**Prompt**. Output exactly the lines that come between the start of the material and the line containing "Vineyard Petals Floral Mini Dress", both ends included, with the pictures omitted.

*** Source data ***

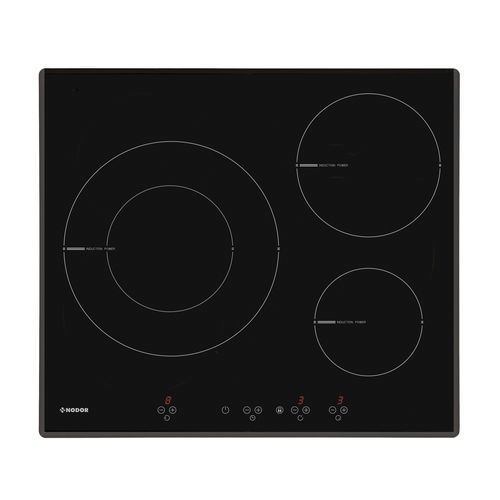 Индукционная варочная панель - I 2160 BK - Nodor - 3 конфорки / встраиваемая / с сенсорным управлением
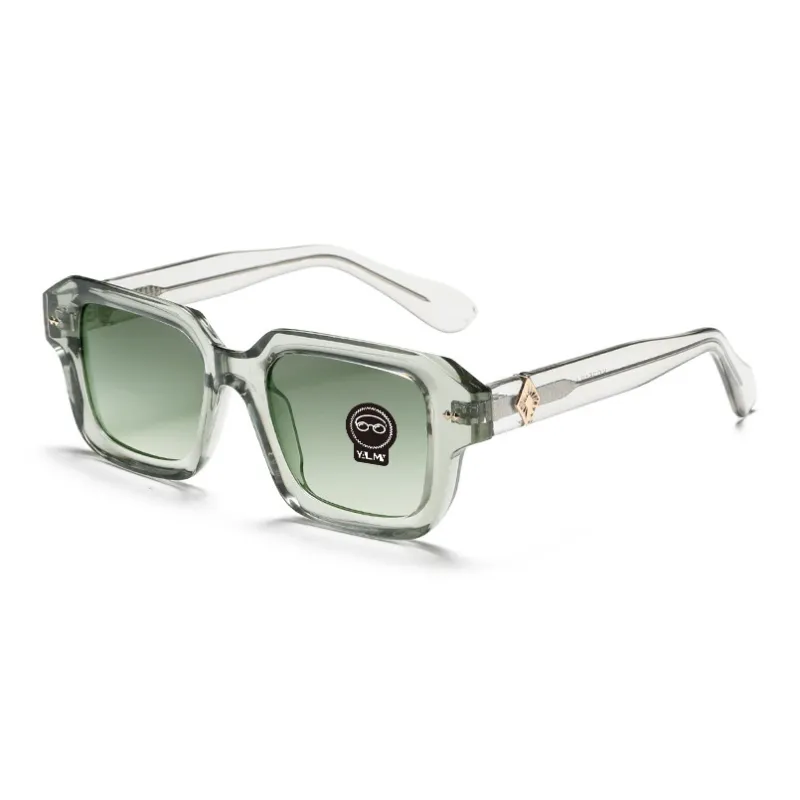 YALMY TR/Memory Plastic Square Sunglasses Unisex-6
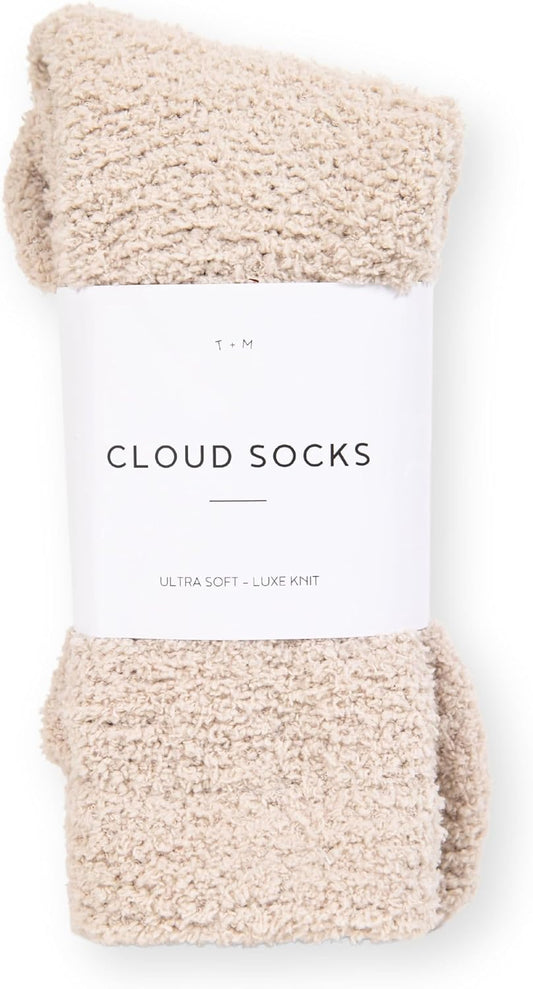 'ultra-luxe cloud' plush knit construction marketed for cloud-like softness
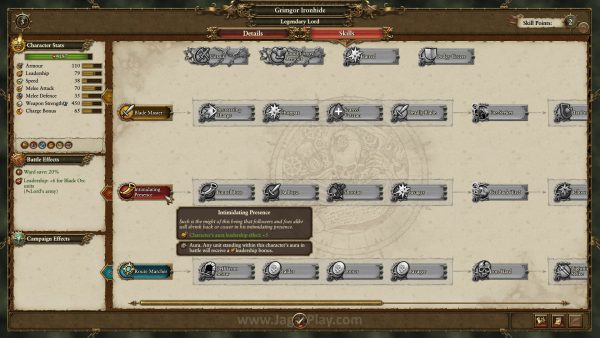 Setiap kali naik level, Lord dan Hero dapat diperkuat dengan mengambil skill baru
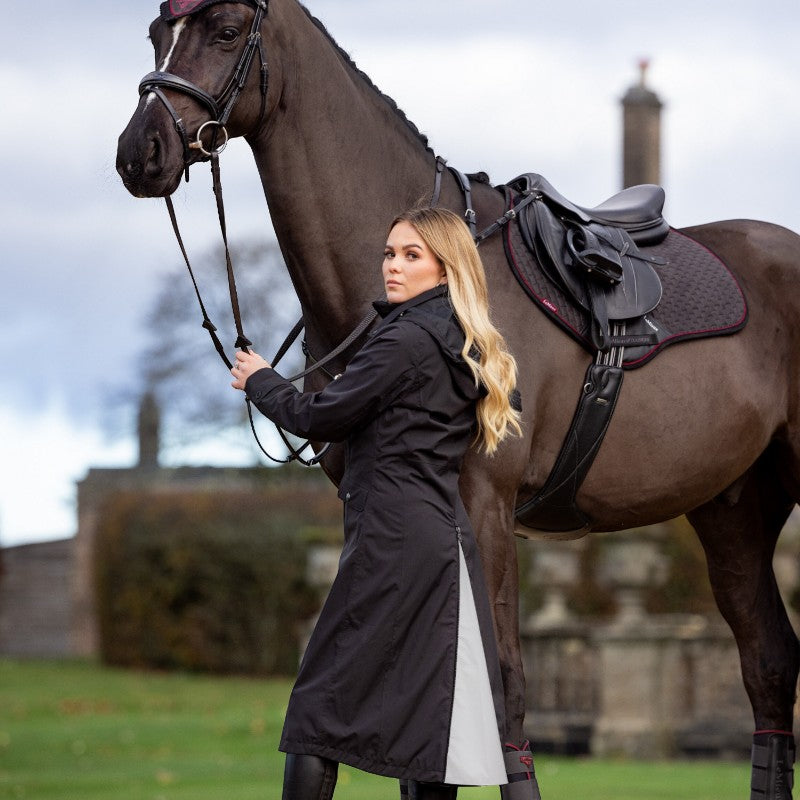 Lemieux - Manteau d’équitation femme léger et imperméable Amelie noir | - Ohlala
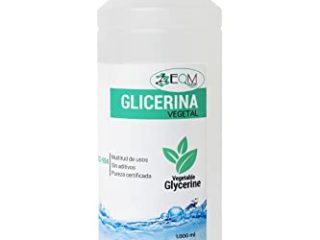 EQM Soluciones Químicas | ECO-904 | 1L | Glicerina Vegetal Líquida | Grado farmacéutico | Hidratante natural cabello y piel | Ideal para jabones, champús, cremas, etc.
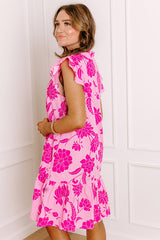 Vineyard Petals Floral Mini Dress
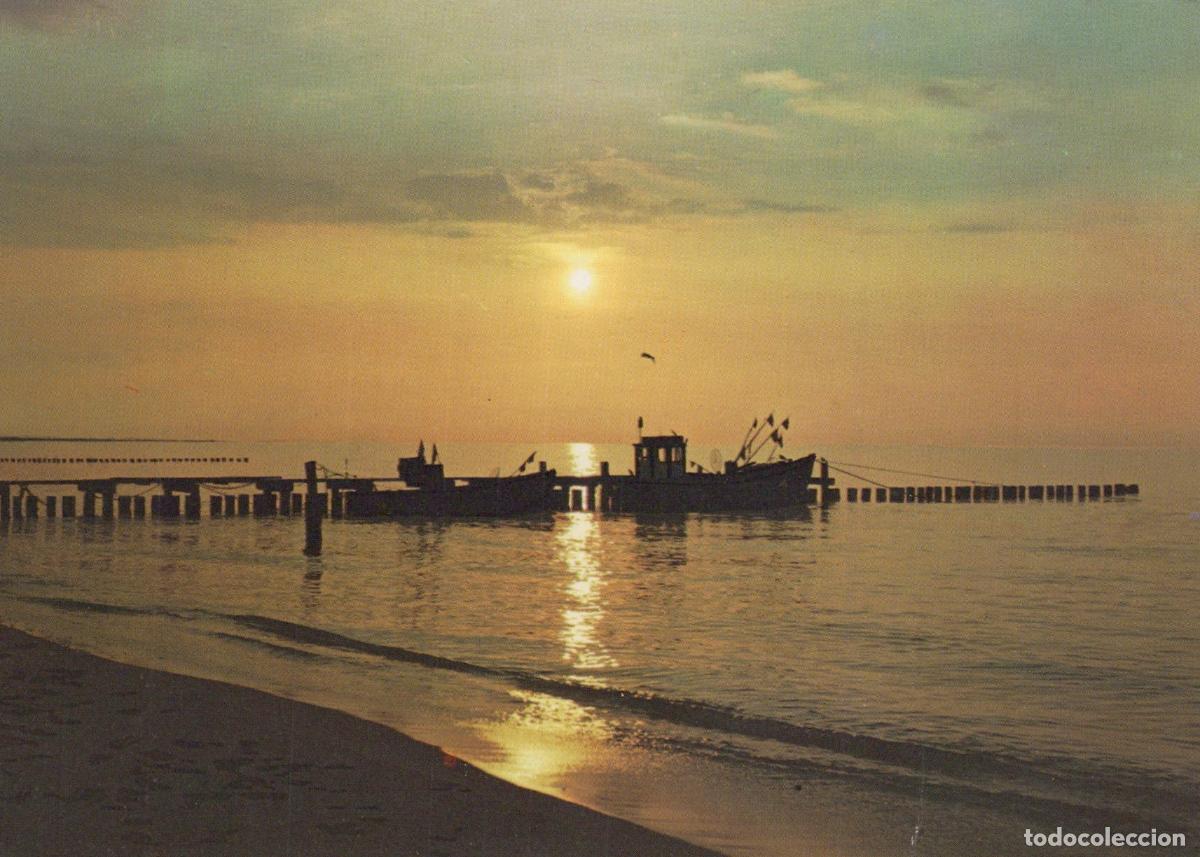 Cartes Postales: Germany Fishing Boat Pier Sunset Gr&uuml;sse von der Ostsee Unposted *YAY257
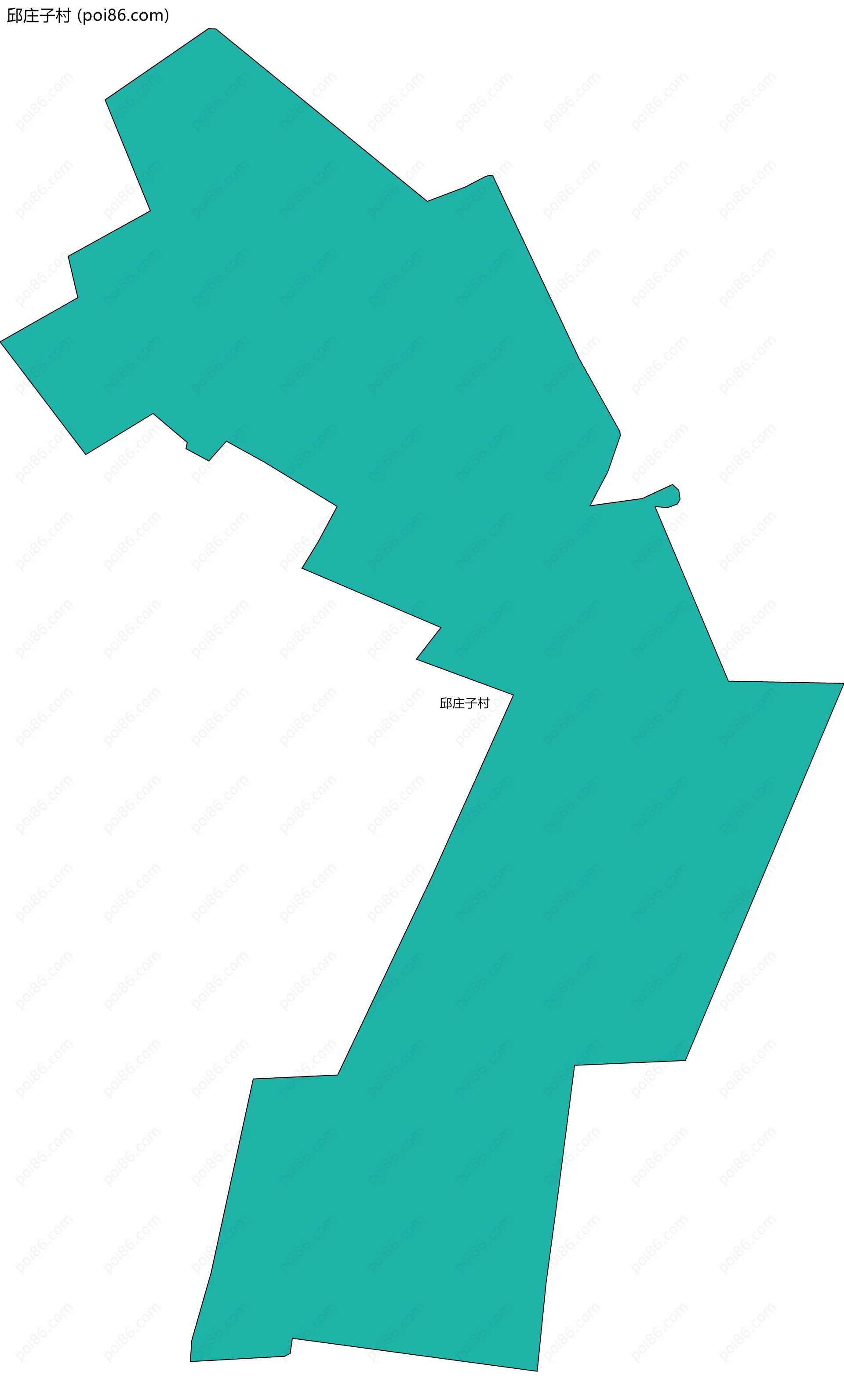 邱庄子村边界地图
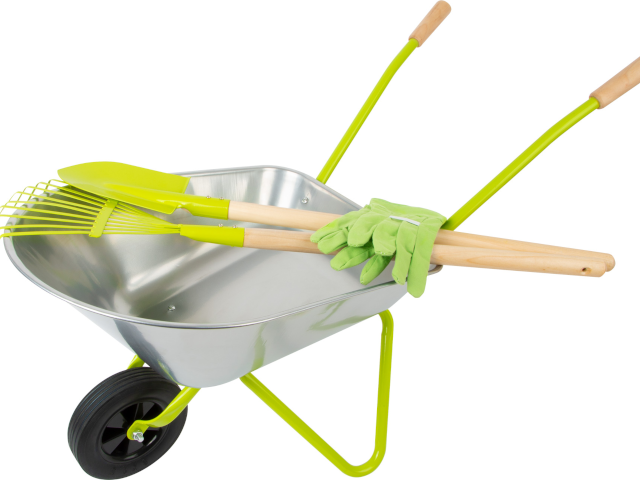 Schubkarre mit Gartenwerkzeug
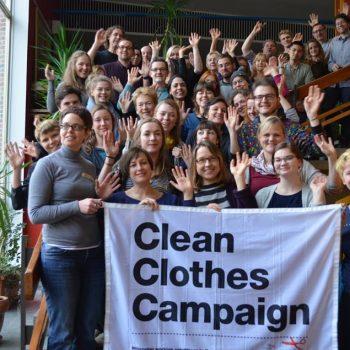 Aktionstreffen 2018 Kampagne für Saubere Kleidung 8 Über 50 Aktivist*innen, ein Ziel: Würdige Arbeitsbedingungen für alle Arbeiter*innen in der Bekleidungproduktion! Kampagne für Saubere Kleidung | Clean Clothes Campaign Germany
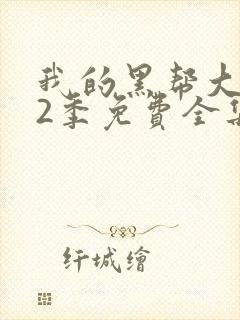 我的黑帮大佬第2季免费全集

*** End of Source data ***

**Output below**.
 Индукционная варочная панель - I 2160 BK - Nodor - 3 конфорки / встраиваемая / с сенсорным управлением
 YALMY TR/Memory Plastic Square Sunglasses Unisex-6
 'ultra-luxe cloud' plush knit construction marketed for cloud-like softness
 Setiap kali naik level, Lord dan Hero dapat diperkuat dengan mengambil skill baru
 Lemieux - Manteau d’équitation femme léger et imperméable Amelie noir | - Ohlala
 EQM Soluciones Químicas | ECO-904 | 1L | Glicerina Vegetal Líquida | Grado farmacéutico | Hidratante natural cabello y piel | Ideal para jabones, champús, cremas, etc.
 Vineyard Petals Floral Mini Dress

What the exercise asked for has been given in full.